What is a Broken Heart Syndrome?
Here is a little something from my research:
From Mayo clinic:
Broken heart syndrome is a temporary heart condition that’s often brought on by stressful situations, such as the death of a loved one. The condition can also be triggered by a serious physical illness or surgery. People with broken heart syndrome may have sudden chest pain or think they’re having a heart attack.
In broken heart syndrome, there’s a temporary disruption of your heart’s normal pumping function in one area of the heart. The remainder of the heart functions normally or with even more forceful contractions. Broken heart syndrome may be caused by the heart’s reaction to a surge of stress hormones.
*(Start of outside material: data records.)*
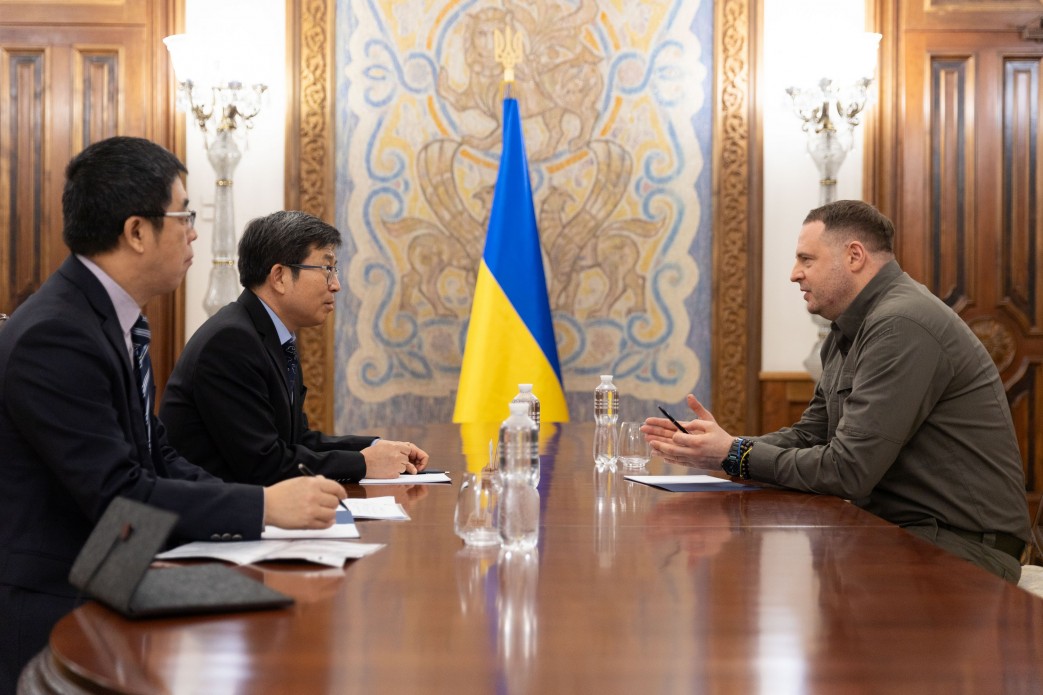 Керівник Офісу Глави держави Андрій Єрмак розмовляє з Послом Китаю в Україні Фань Сяньжуном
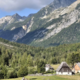 V osrčju Julijskih Alp se skriva čudovita samotna planina, do katere vodi zahtevna pot (FOTO)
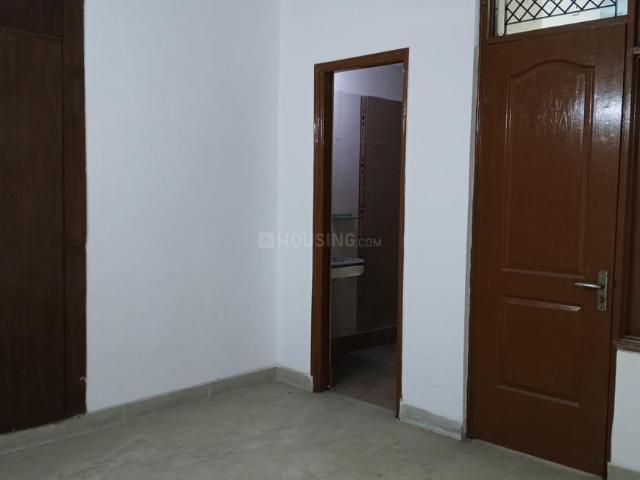 2 BHK Apartment in Indirapuram for resale Ghaziabad. The reference number is 19939043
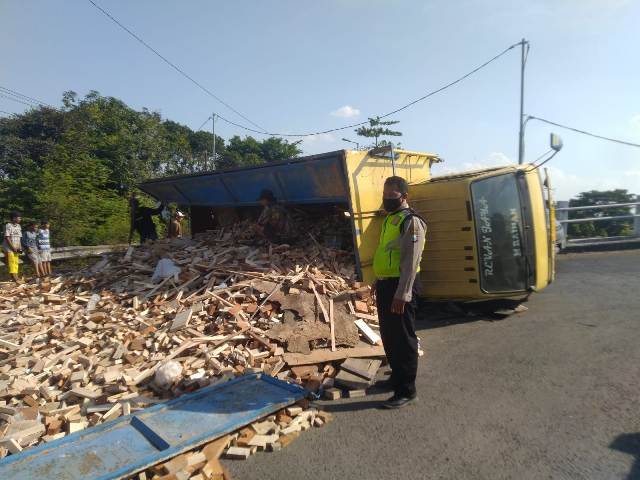 Tak Kuat Menanjak, Truk  Bermuatan Kayu Terguling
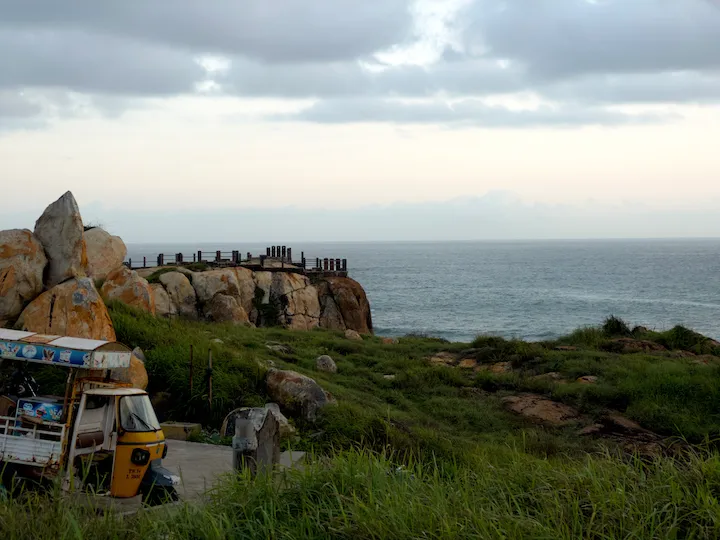 Overlooking the Indian ocean with an autorickshaw towards the left.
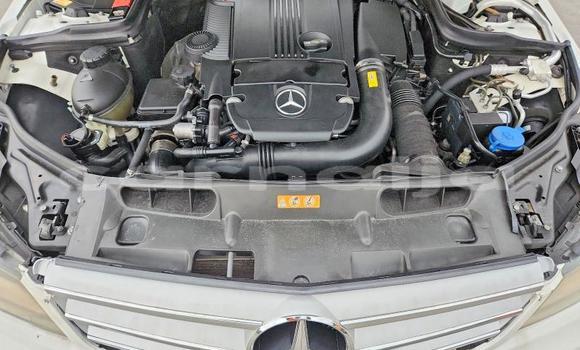 Buy Used Mercedes-Benz C-Classe White Car in Badagry in Lagos State Buy Used Mercedes-Benz C-Classe White Car in Badagry in Lagos State
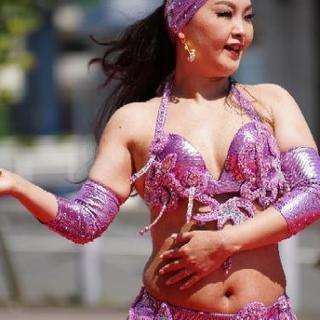 40歳からの女性のためのベリーダンス(木)クラス✨ アモールダンス教室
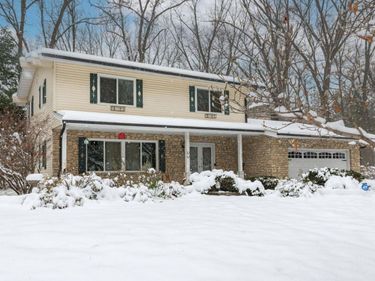 16765 Londonberry Lane, South Bend, IN 46635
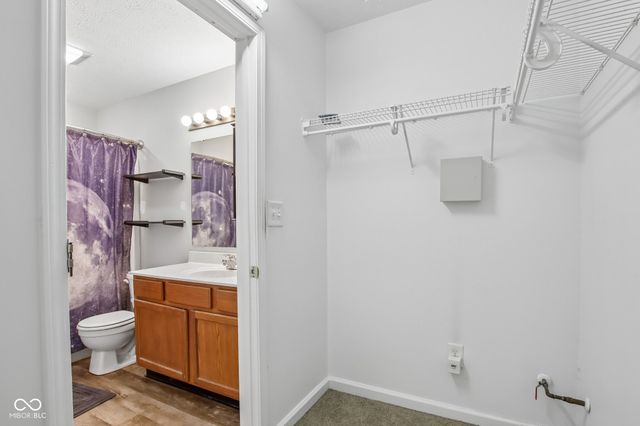 5812 Wooden Branch, Indianapolis, IN 46221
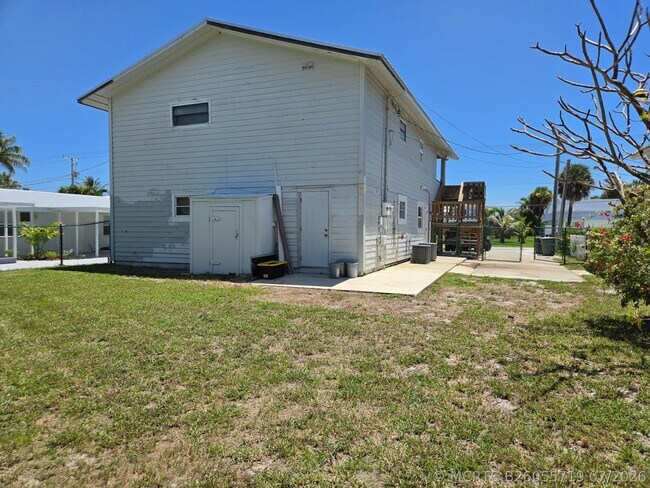 Foto del edificio - 337 Hernando St
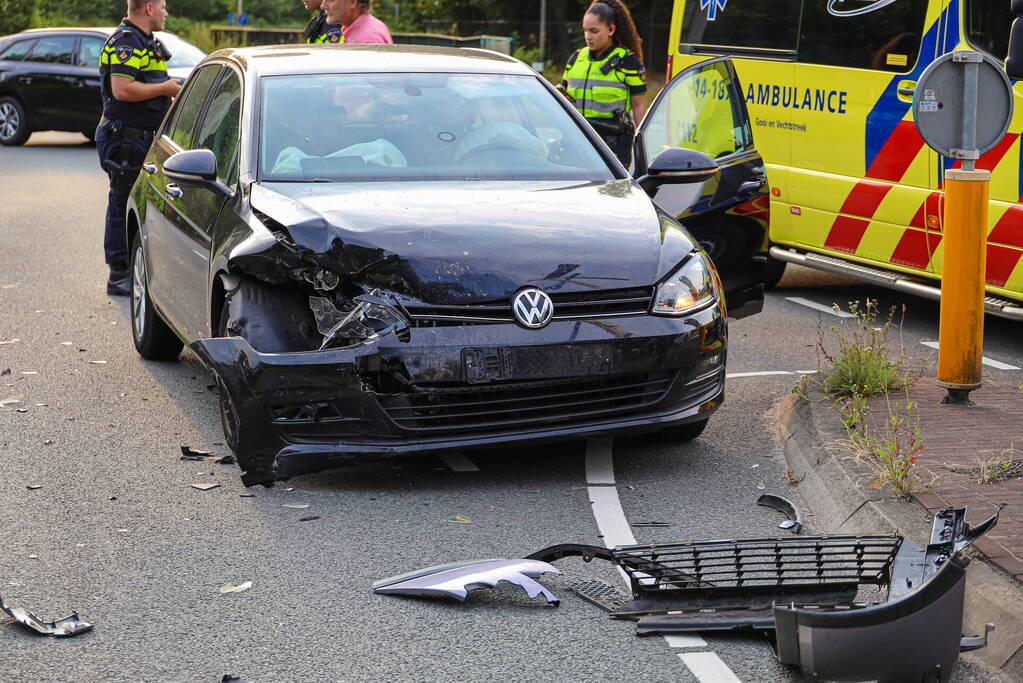 Vrouw gewond bij botsing tussen twee auto's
The condition may also be called takotsubo cardiomyopathy, apical ballooning syndrome or stress cardiomyopathy by doctors. The symptoms of broken heart syndrome are treatable, and the condition usually reverses itself in days or weeks.
The exact cause of broken heart syndrome is unclear. It’s thought that a surge of stress hormones, such as adrenaline, might temporarily damage the hearts of some people.
How these hormones might hurt the heart or whether something else is responsible isn’t completely clear. A temporary constriction of the large or small arteries of the heart has been suspected to play a role.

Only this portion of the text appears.